Kerry stressed that the administration's "two main rationales" for the war – "weapons of mass destruction and the al Qaeda/September 11 connection" – have been "proved false."

He also said that if better relations with America's allies had been maintained, as Kerry has stressed repeatedly, the burden of rebuilding Iraq would not lay so exclusively on the United States.

Plainly put, Kerry said he would have won the peace that Mr. Bush has not, by utilizing diplomacy instead of force.

"The news is reinforcing the first theme of the speech," Jamieson added, "which is the Bush administration is misleading the country."

In the second part of his speech, Kerry laid out his long-awaited alternative for Iraq, listing a four-point plan to stabilize the nation that will enable American troops to pull out in four years.

In the wider scope of national security, Kerry differentiated himself from Mr. Bush by stating his goal was to lessen America's military investment in Iraq in order to refocus American attention on "more serious" threats to U.S. security, like North Korea and Iran.

The latest CBS News/New York Times poll gives Mr. Bush a 9-point lead among registered voters. Kerry's speech Monday comes as he attempts to recover from a tumble in popular opinion on the key issue of national security over the past month.

Registered voters' confidence in Kerry's ability to protect the United States from terrorism fell from an already low 32 percent in August to 26 percent at the close of last week. At the same time, President Bush increased from 43 percent to 50 percent during the same period.
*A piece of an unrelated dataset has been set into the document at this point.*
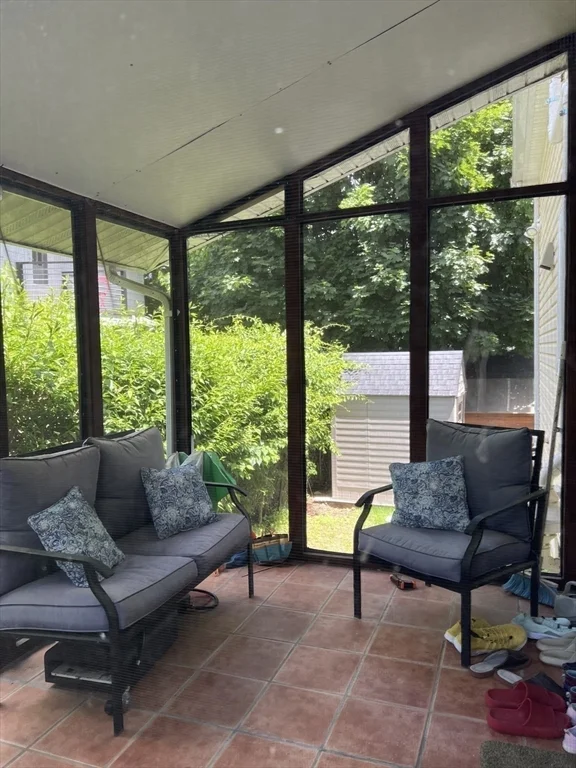 11 Garrison Rd, East Arlington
Today's speech was the beginning of Kerry's effort to turn his national-security deficit around. With six weeks until Election Day, only time will tell if Monday's address proved too late to be effective.
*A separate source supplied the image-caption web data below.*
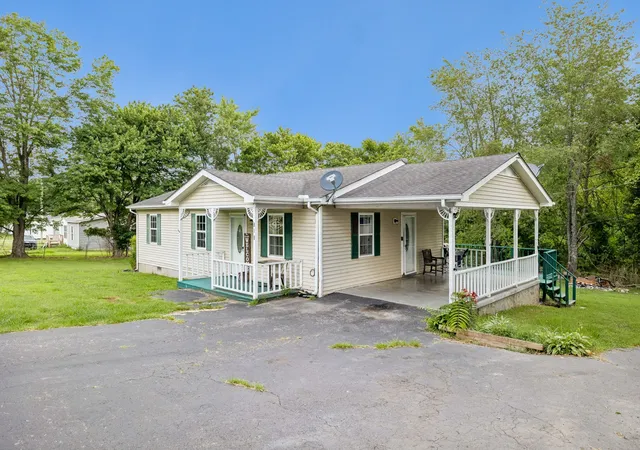 Homes for sale in Red Boiling Springs, TN | 818 Gamaliel Rd, Red Boiling Springs, TN 37150 | MLS# 3251163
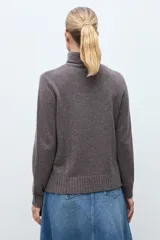 Polera de cuello alto en mezcla de cashmere, color marrón chocolate, con diseño de punto liso y costuras verticales decorativas en el frente.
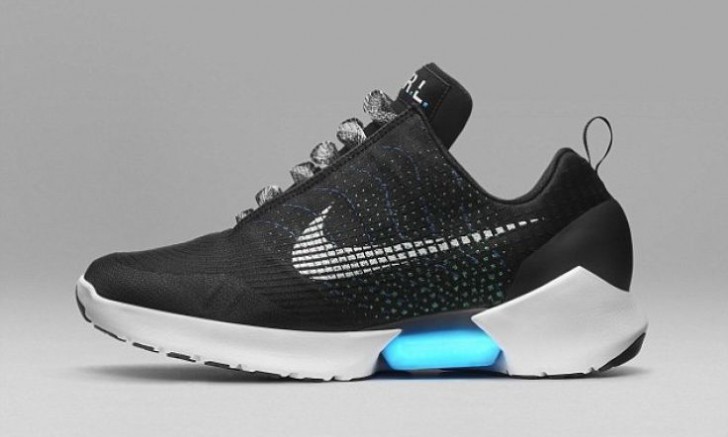 Nike ส่งรองเท้า Sneaker รุ่นใหม่ มีไฟ ไม่ต้องผูกเชือก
"The question in this campaign is does this do for him what the Humphrey speech did in 1968, finally clarify his position and begin to rally his own base," Jamieson said. "Humphrey gave one major speech on Vietnam in 1968, breaking from Lyndon Johnson and clarifying his own position. It turned his campaign around. It didn't turn it around sufficiently because he ran out of money the third week in October."

With message, not money, being the bane of Kerry's candidacy, the campaign's newly combative strategy marks a new effort to attack Mr. Bush where he is strongest, national security.

The shift marks the Kerry campaign's acknowledgement that it has so far failed to establish the Democratic nominee as a viable alternative in America's first post-Sept. 11 election.

"Kerry has no alternative as long as terrorism leads the list of issues," Jamieson continued. "The economic signals are mixed. Unless he reassures the country that he is a stronger commander-in-chief, he can't make the economy and health care work for him."